Steady State Laboratory Determinants
Of the initial 432 patients, 311 had complete laboratory values. When laboratory determinants were examined, increased emergency department utilization was significantly and linearly associated with elevated steady state WBC (p<0.001), elevated steady state platelet count (p<0.001), lower steady state RBC (p<0.001), lower steady state Hb (p < .001) and lower steady state albumin (p = .02, Table 1). Table 2 shows the odds ratios (95% CI), adjusted for age, for high ED utilization (≥6 emergency room visits) with each steady state laboratory parameter. For each unit increase of 50 x109/L in platelet count, there was an associated 22% greater risk of high ED utilization, p<0.001. For each 1 x109/L increase in WBC, there was an associated 11% greater odds of ≥6 ED visits/year, p = 0.003, while each unit of 1 x109/L RBC and 1g/dl Hb was associated with a 49% and 23% reduced odds of high ED utilization (p = .006, p = .007 respectively). For each 1g/dl of albumin there was a 60% lower risk of frequent ED use (p = .01, Table 2). While LDH and Cr were significantly different among categories of ED use, the associations were not linear.
Normalized data reported as means with SDs, non-normalized data reported as medians with 25% and 75%. P values are for ANOVAs done over all 3 categories.

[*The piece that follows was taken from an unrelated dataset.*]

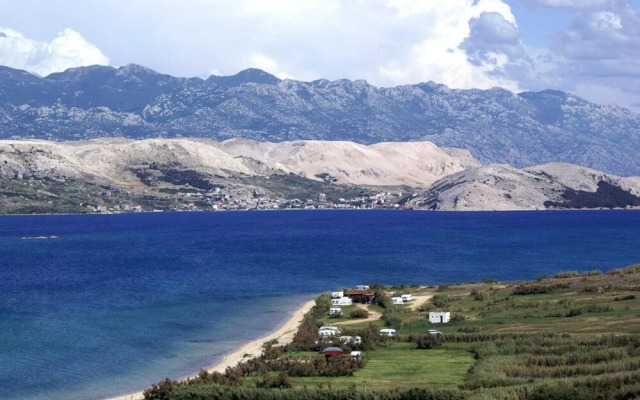 Draga - 15 m From Pebble Beach - SA1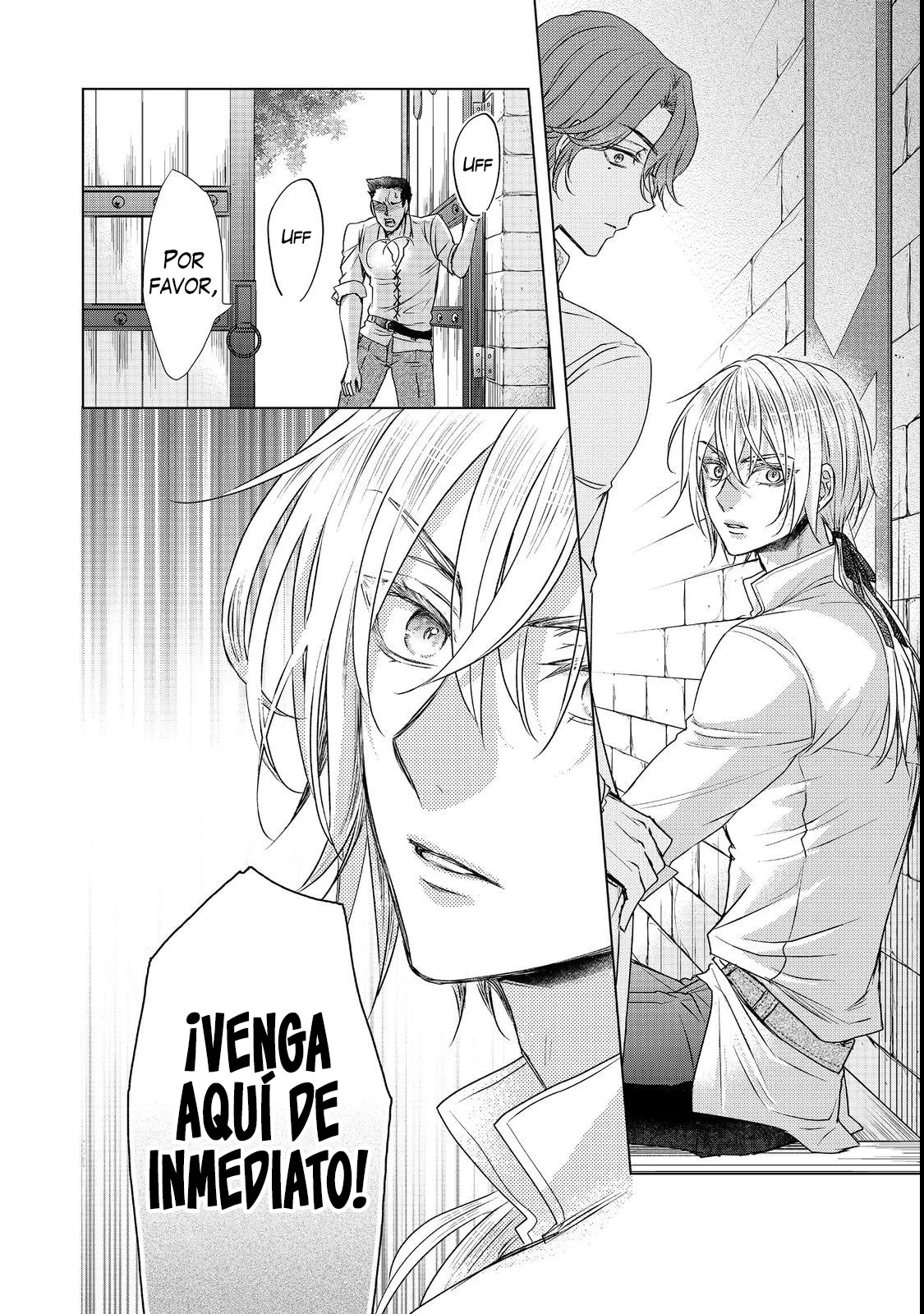 Página 38 del Manga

We developed an algorithm which would differentiate those whose ED utilization was not ≥6 visits/year. Using the average Hb for the 0–5 utilizers (8.4g/dl), median WBC (9.5 x109/L), and median platelet count (341 x109/L), we assigned 1 point each for WBC >9 x109/L and platelet count 300 x109/L and 1 point for Hb levels <9g/dl. 78 of the 311 (25%) patients incorporated in the model had a score of 0 or 1; of those 78 low scoring patients, 69 were lower ED utilizers. This score was found to be 34% sensitive and 89% specific for lower ED utilization in our cohort.
Active State Determinants
When active parameters were compared to steady state parameters, laboratory values among the ED categories overlapped and there were no significant differences in the levels of anemia or the degree of leukocytosis; all categories showed leukocytosis and decreased Hb levels while presenting acutely (Table 3). High platelet counts, however, remained different among ED utilization categories and were again associated with more frequent ED visits (p = .02). In contrast to the association of increased ED utilization with decreasing albumin levels in steady state, in the active state higher albumin levels, perhaps reflecting dehydration, were associated with a higher ED use category (p = .02). As in steady state, creatinine levels were significantly different in each category but no linear association was demonstrated.

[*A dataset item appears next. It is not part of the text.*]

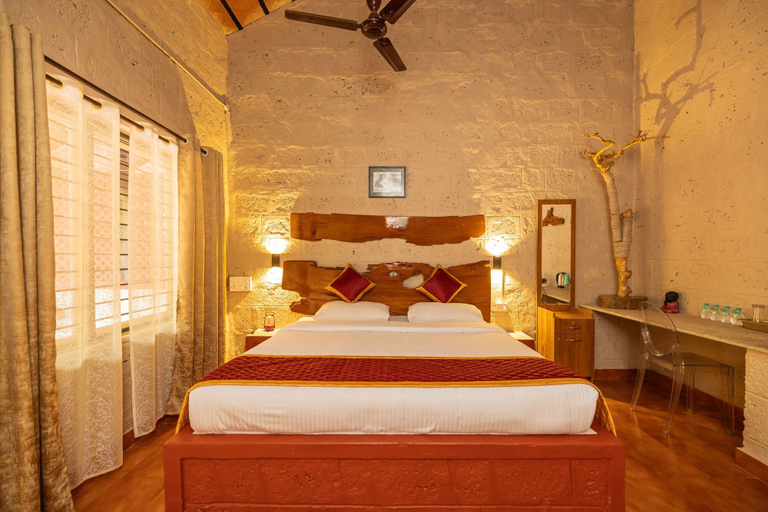 Bedroom 3, Twisted Tree Cottages Coorg, Kodagu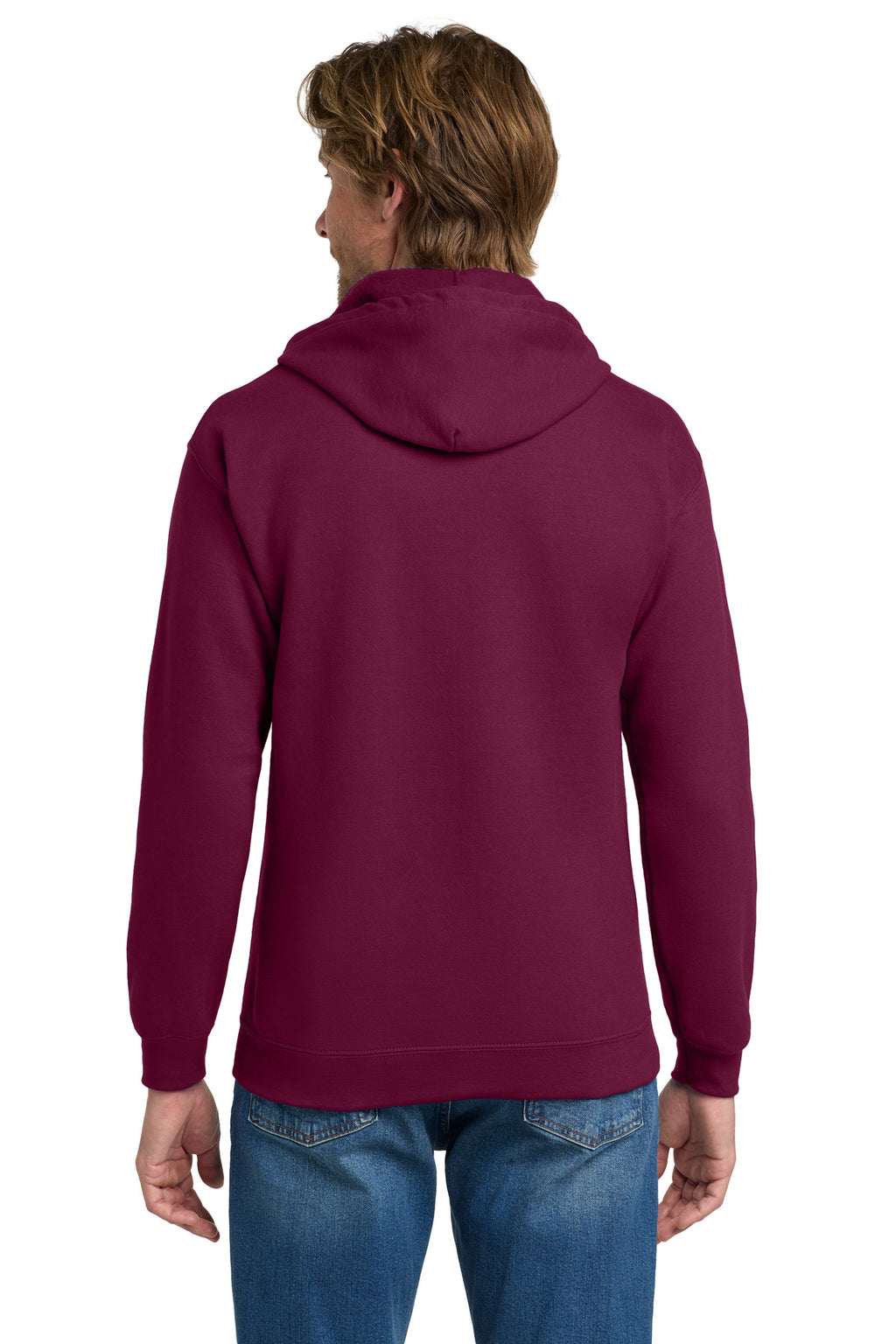 Gildan - Heavy Blend Full-Zip Hooded Sweatshirt. 18600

Normalized data reported as means with SDs, non-normalized data reported as medians with 25% and 75% P values are for ANOVAs done over all 3 categories.
Steady State Laboratory Determinants by Hydroxyurea Script
Hydroxyurea use was examined as previous studies have shown that it affects both frequency of ED use and steady state laboratory parameters themselves. [11] The cohort prescribed hydroxyurea had significantly higher MCVs than the cohort not prescribed hydroxyurea across all 3 categories of ED use, suggesting that they were taking the medication. Both the hydroxyurea and the non-hydroxyurea cohorts retained linear and significant associations of higher WBC and platelets counts with greater ED use (Table 4). Though increasing anemia was still linearly associated with higher ED use in the hydroxyurea group, in the nonhydroxyurea group the association was no longer strictly linear.

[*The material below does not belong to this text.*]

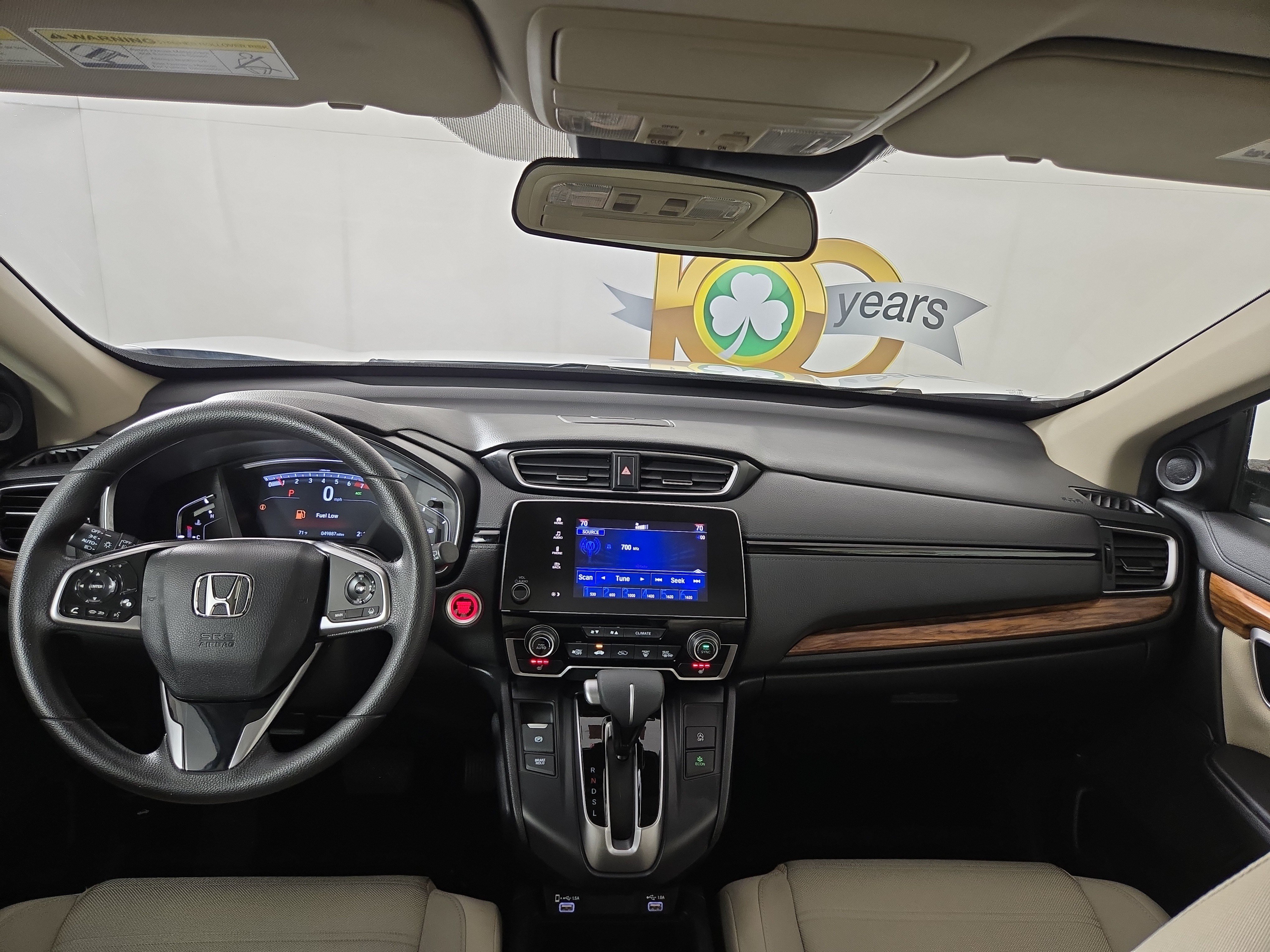 Used 2022 Honda CR-V EX image 13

Normalized data reported as means with SDs, non-normalized data reported as medians with 25% and 75% P values are for ANOVAs done over all 3 categories.
We were unable to show that hydroxyurea prescription frequency was associated with less ED use. While 23% of those who were seen in the ED 0–1 times a year were prescribed hydroxyurea, 40.3% of those who in the 2–5 times cohort and 65.3% of those who had ≥6 ED visits/year (p < .001) were prescribed hydroxyurea. The average first dose prescribed that year did not significantly differ between the three groups (16.6 mg/kg, 17.8 mg/kg, and 19.7 mg/kg in the 0–1, 2–5 and ≥6 groups respectively, p = 0.40) The ≥6 ED visits cohort, despite the increased MCV and lower WBC, did not show a more elevated HbF level than the non-hydroxyurea cohort.
Steady State Laboratory Determinants by Age
ED visit categories were also examined by age groups as prior studies have shown that laboratory determinants differ with age in patients with SCA. [12] When categories were examined by those <40 years and those ≥40 years old, again platelets and WBC remained significantly associated with ED use in both groups, although the older cohort had lower means at each level (Table 5). RBC, Hb, and albumin remained significantly linearly associated with ED use in the younger cohorts but not in the older cohorts.
Normalized data reported as means with SDs, non-normalized data reported as medians with 25% and 75% P values are for ANOVAs done over all 3 categories.
Discussion
Among patients with sickle cell anemia a relatively small percent of the population accounts for the majority of emergency department utilization. Previous studies have demonstrated that there may be some variability in which patients will be high utilizers from year to year and who will be among these high frequency utilizers may be harder to predict in an emergent setting.[9,13,14] It has been shown that it is difficult to identify objective parameters for sickle cell crisis, although there is some evidence for an association of crisis with increasing LDH levels and a decrease in dense cells, as demonstrated by decreasing RDW, indirect bilirubin and MCV.[15–17] However, the ability to predict which patients will be high utilizers in a non-emergent setting could allow for early induction of disease modifying therapy with the aim of reducing future emergency department use. In our study we showed that those who have more frequent ED visits a year also have more annual admissions, suggesting that reducing emergency department use may reduce hospital admission rates as well.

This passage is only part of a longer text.